--- DATA Enclosed Below ---
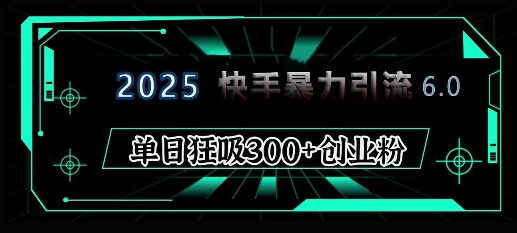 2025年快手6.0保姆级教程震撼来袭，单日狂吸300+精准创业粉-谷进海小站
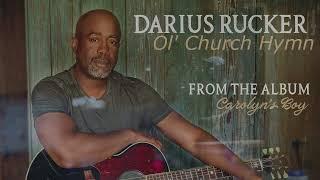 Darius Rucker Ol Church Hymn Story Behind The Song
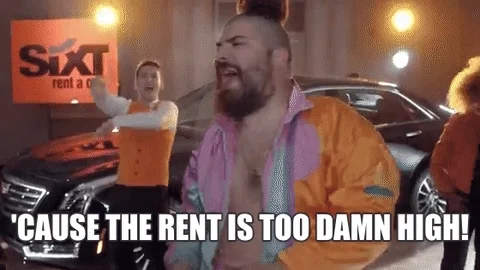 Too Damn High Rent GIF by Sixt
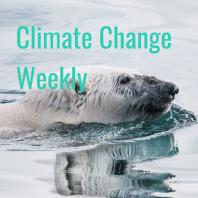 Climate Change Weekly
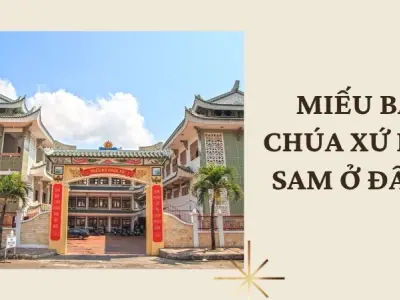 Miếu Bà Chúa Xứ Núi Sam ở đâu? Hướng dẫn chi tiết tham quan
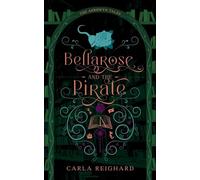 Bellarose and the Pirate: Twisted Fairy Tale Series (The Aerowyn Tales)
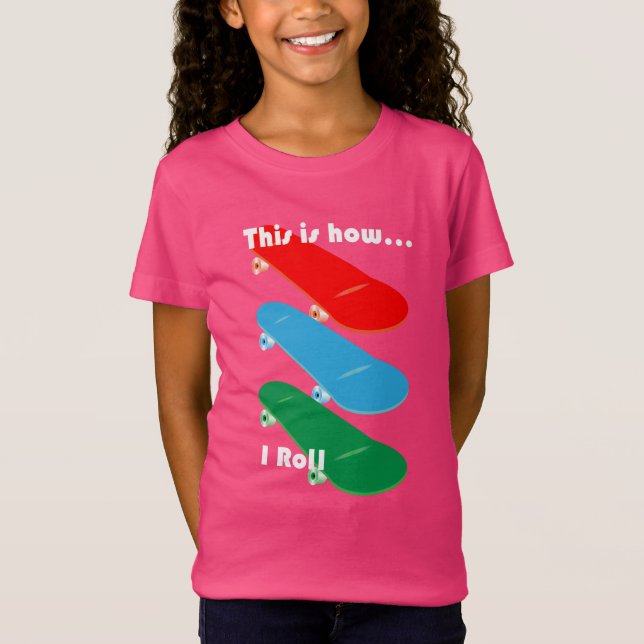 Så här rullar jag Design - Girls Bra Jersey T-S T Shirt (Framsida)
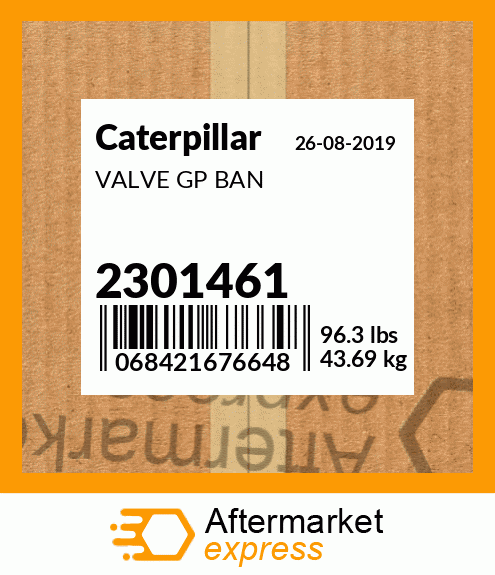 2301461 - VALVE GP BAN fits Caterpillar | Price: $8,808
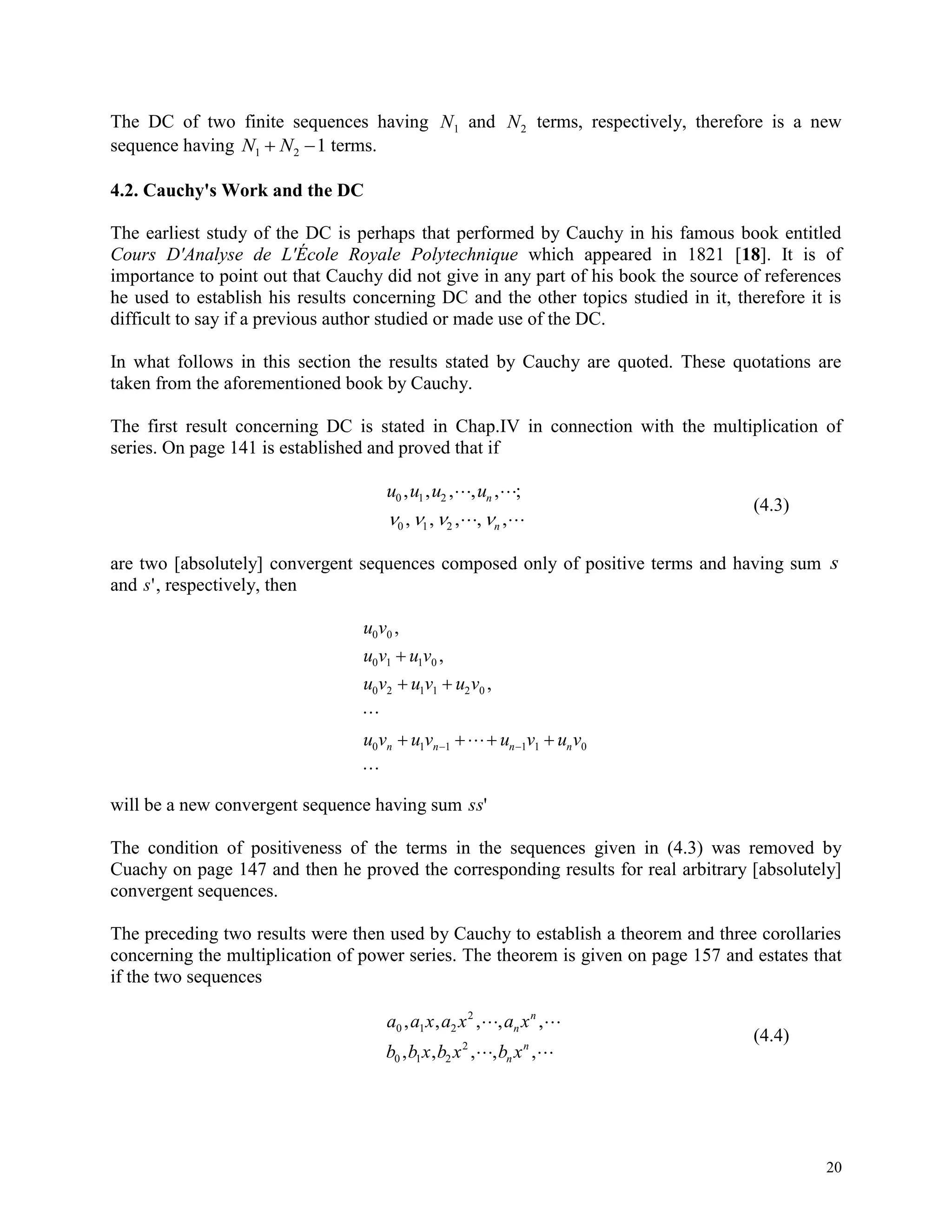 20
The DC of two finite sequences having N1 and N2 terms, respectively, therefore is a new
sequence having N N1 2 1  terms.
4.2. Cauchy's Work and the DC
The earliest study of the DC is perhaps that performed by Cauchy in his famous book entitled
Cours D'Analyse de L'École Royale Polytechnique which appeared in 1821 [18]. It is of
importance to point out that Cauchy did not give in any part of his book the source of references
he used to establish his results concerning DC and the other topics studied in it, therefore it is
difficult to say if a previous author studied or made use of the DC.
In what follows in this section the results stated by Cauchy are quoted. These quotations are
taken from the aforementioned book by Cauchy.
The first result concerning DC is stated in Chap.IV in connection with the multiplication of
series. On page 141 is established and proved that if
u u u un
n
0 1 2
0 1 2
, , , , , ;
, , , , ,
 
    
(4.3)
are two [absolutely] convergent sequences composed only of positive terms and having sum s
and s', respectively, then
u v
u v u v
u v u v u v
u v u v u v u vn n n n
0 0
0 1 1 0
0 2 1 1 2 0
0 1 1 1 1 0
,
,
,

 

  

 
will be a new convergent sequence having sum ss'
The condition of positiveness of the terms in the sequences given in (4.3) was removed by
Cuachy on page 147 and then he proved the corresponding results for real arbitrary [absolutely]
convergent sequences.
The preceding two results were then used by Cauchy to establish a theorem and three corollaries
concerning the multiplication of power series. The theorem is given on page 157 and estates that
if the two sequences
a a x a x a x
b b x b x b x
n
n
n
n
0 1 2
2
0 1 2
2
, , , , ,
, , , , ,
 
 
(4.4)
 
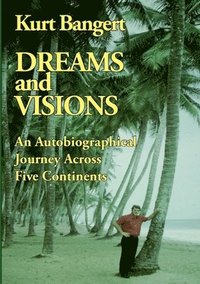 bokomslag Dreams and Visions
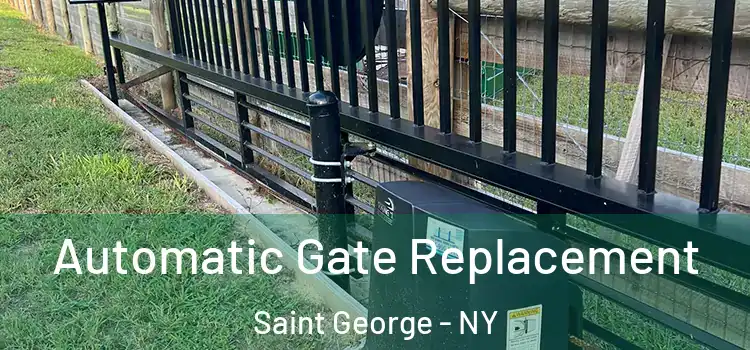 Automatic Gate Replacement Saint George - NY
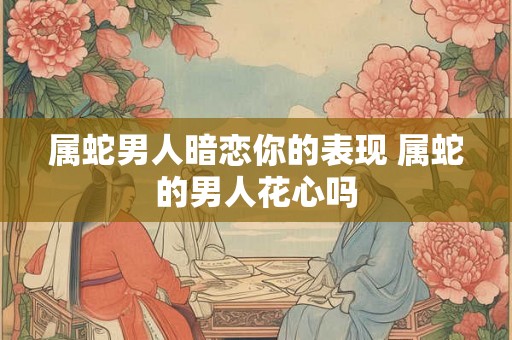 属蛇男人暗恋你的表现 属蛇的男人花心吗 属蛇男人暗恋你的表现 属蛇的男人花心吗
--- End of Enclosed DATA ---
- _WHAT THE TASK REQUIRES_
Across all the entries, count the lines that contain "stated", and state nothing but the total.

- _PROBLEM SOLUTION_
2